The Operating and Effective section contains information about how these arrangements should be used in practice. It explains what it looks like when the SMS is being followed day to day, and how to tell whether the arrangements are actually working to manage safety risks. The Continuous Improvement section explains how you monitor, review and improve safety over time.

Step 3 - Hazard and incident reporting
A hazard and incident reporting process is integral to an effective SMS. Put simply, it helps identify where things could go or have gone wrong and a concerning safety issue has or may arise. The reporting and subsequent identification of safety hazards and incidents in your business helps continually inform a range of other vital SMS components. These include risk assessments and risk registers, incident investigations, and continuous improvement. Most importantly, it is the initial timely process that helps determine steps to prevent safety incidents reoccurring.
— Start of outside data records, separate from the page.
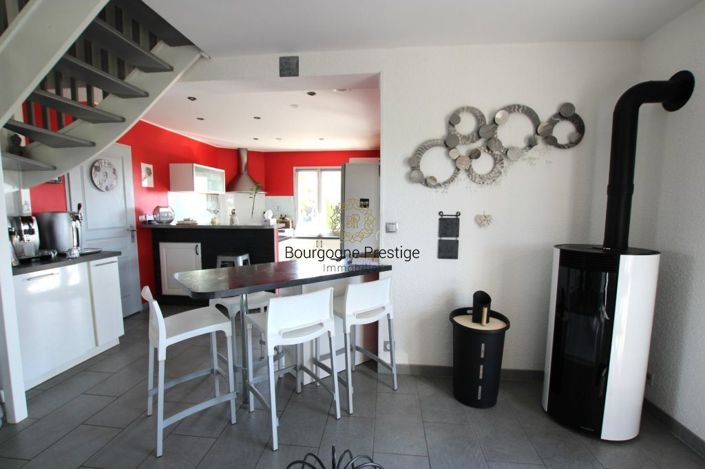 Image No.7-3 Bed House for sale
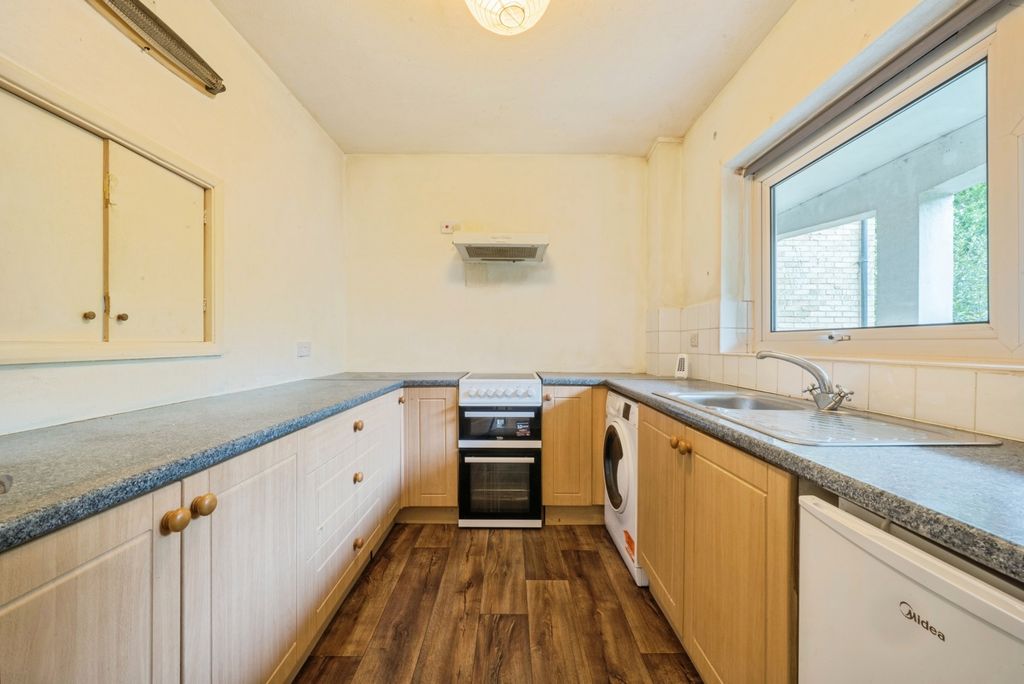 Property photo 2 of 32 Pbox-Img.Jpg
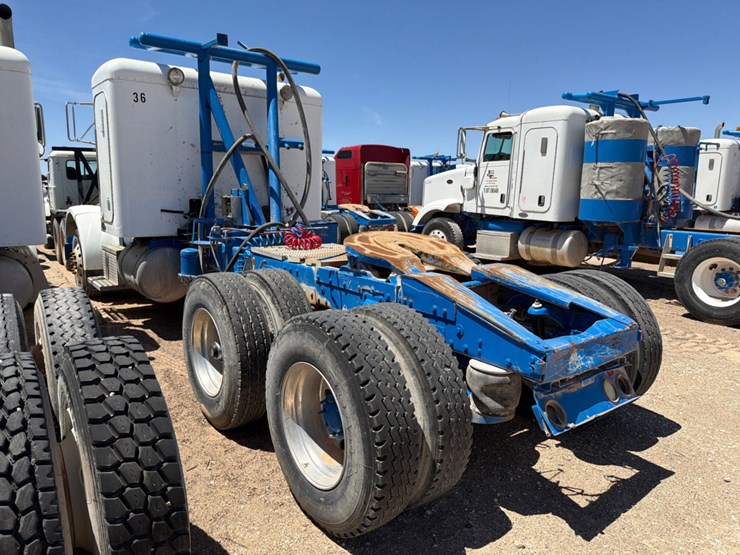 2000-peterbilt-378-image-6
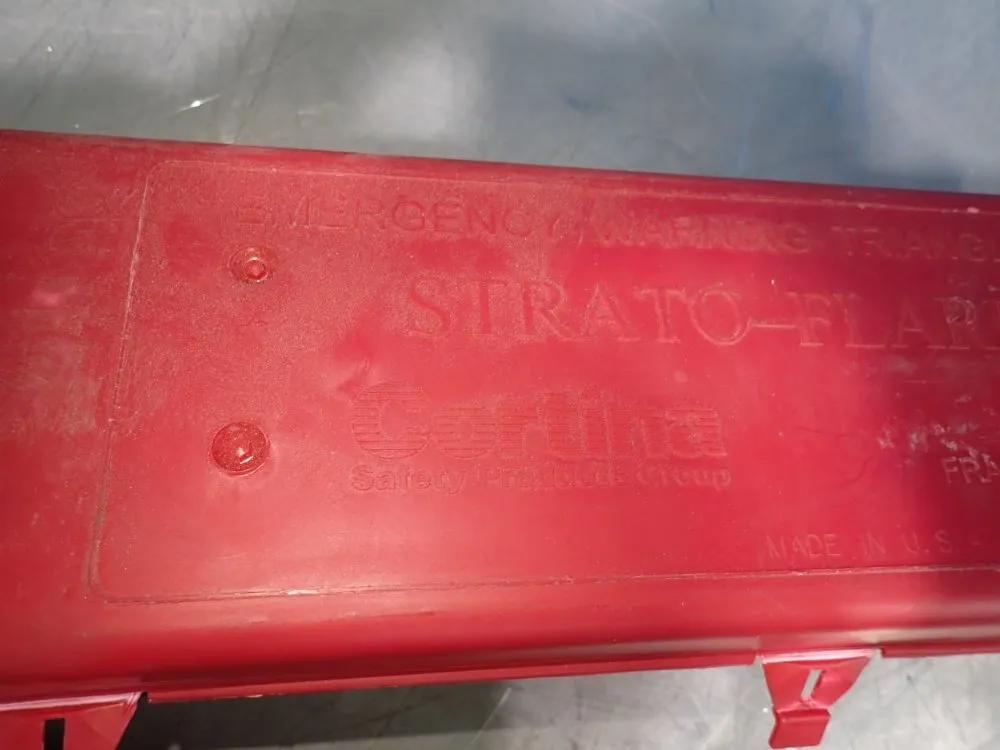 Cortina Safety Products Group Lot Of 2 Emergency Warning Triangle Flare Kits - Strato-flare 219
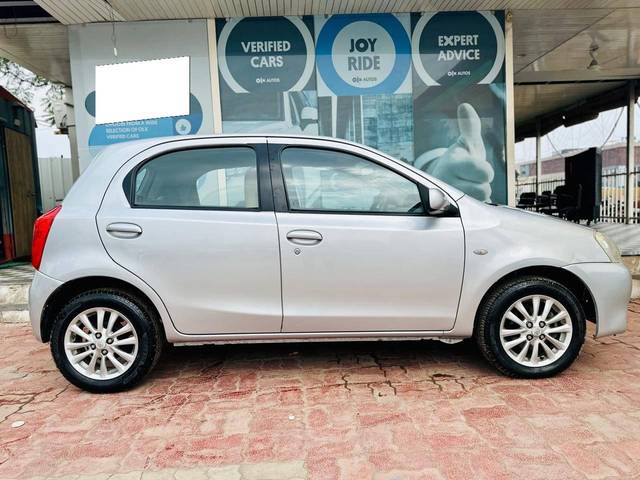 https://images10.gaadi.com/usedcar_image/4230486/original/processed_3dbf8cfb1d7c0b153bdb9c87405018f7.jpg?imwidth=6401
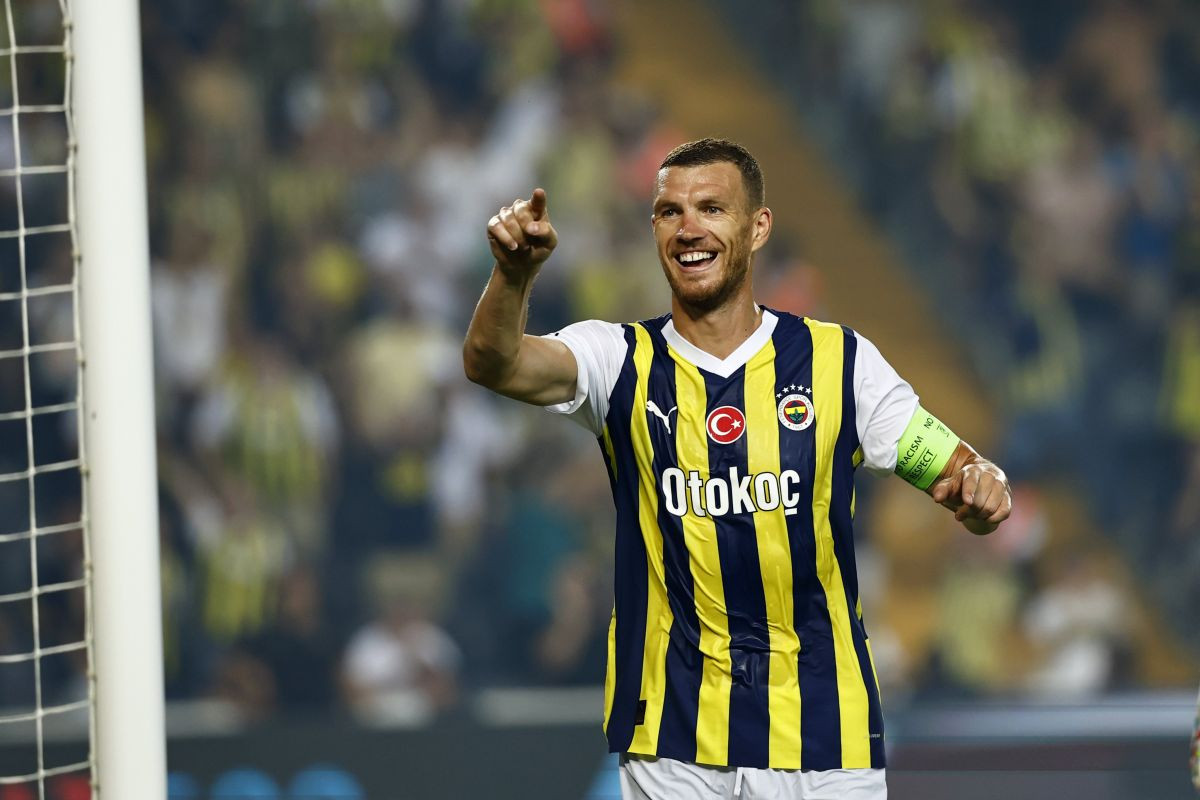 Nije mogao ni sanjati bolji debi: Džeko zabio gol i upisao dvije asistencije u pobjedi Fenerbahčea! Nije mogao ni sanjati bolji debi: Džeko zabio gol i upisao dvije asistencije u pobjedi Fenerbahčea!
Developing an Incident Reporting process that can be easily understood and utilised by all staff is a great first step for this component of your SMS. It allows seamless staff involvement, and the business can be made aware of incidents, including ‘near miss’ events in a very timely fashion. Recorded incident details can also be utilised at a later stage if required, for a safety investigation to identify the incident causes and areas for improvement.
The Incident Reporting - Quick Guide describes the type of information staff and managers should be encouraged to report, such as who was involved, what task was being done, where and when the incident happened and any other information about the event.
You can utilise or modify the Incident Report Form - Template within your own SMS to record safety incidents and possible treatment options.
The Incident Report - Worked Example utilising the template is a useful reference around how a typical populated report may look.
Focus on developing and implementing your formal approach to reporting safety incidents, including regular education and reinforcement to all staff over a period of time. This helps cement a positive reporting culture between staff and management and provides a great avenue for employees to be actively involved in improving safety within the business.
Consider focussing on Hazard Reporting to improve on your suite of SMS tools after you are confident Incident Reporting is working as you expect in the business.
Once Incident Reporting processes are formalised within the business and are being embraced and utilised by all staff and managers, you should expand your SMS to include Hazard Reporting.
Hazard Reporting enables the business to assess the risks - such as a driver crashing a truck, of identified heavy vehicle safety hazards – such as a fatigued driver, and to develop controls or further treatments to help mitigate those risks – such as appropriate driver rostering.
You will recognise that identifying and better understanding where those hazards exist as part of your business, feeds directly into the risk management components of your SMS. Staff and managers are a great resource within the business to help with the identification process, provided there is some form of Hazard Reporting mechanism in place.
The Hazard Reporting - Quick Guide describes how staff and others can easily identify and report to management where they believe your heavy vehicle transport hazards exist.
You can easily adopt and utilise the Hazard Report Form - Template within your own SMS. Encouraging staff to utilise this will not only help identify hazards that inform the wider risk management process but demonstrates you also value the views and involvement of employees in improving safety outcomes and culture.
Documented hazard and incident reporting processes within an SMS will not be effective unless staff and management actively embrace and utilise them. To drive a good reporting culture – critical in continuously improving your safety management and performance, staff must be actively encouraged to use those systemic processes and management must follow-up and provide feedback on reported incidents and hazards.
The Reporting Safety Hazards and Incidents – Toolbox Talk is an excellent way for managers and supervisors to locally discuss with staff how incidents and hazards are reported internally, why it is important, and reinforce that management will not penalise but actually encourage reporting.
Your business should also consider providing similar advice and hazard and incident reporting requirements if necessary, to third parties that you engage to undertake heavy vehicle transport activities for you.
The Risk Management - Identify Hazards Video can also be presented to managers and staff. It highlights the importance of hazard and incident reporting including how it can have a positive impact on safety outcomes and performance.
Step 4 - Management commitment and documentation
A visible and demonstrated commitment to safety by management always underpins an effective SMS and positive safety culture. It illustrates to all staff, customers and third parties how seriously safety is taken by your business and should be reflected in the way the organisation operates on a day-to-day basis.
Whilst most parties in the heavy vehicle Chain of Responsibility take safety seriously and have good safety risk controls in place, many companies do not take the extra step of actually documenting them.
All key functions of your SMS, including key risk controls, should be documented to help lock in and reinforce critical safety processes, to educate and train staff, formally record incidents and other safety information, assist the executive in meeting their HVNL due diligence requirements, and should it be required – help demonstrate that you are effectively managing your heavy vehicle safety risks, so far as is reasonably practicable.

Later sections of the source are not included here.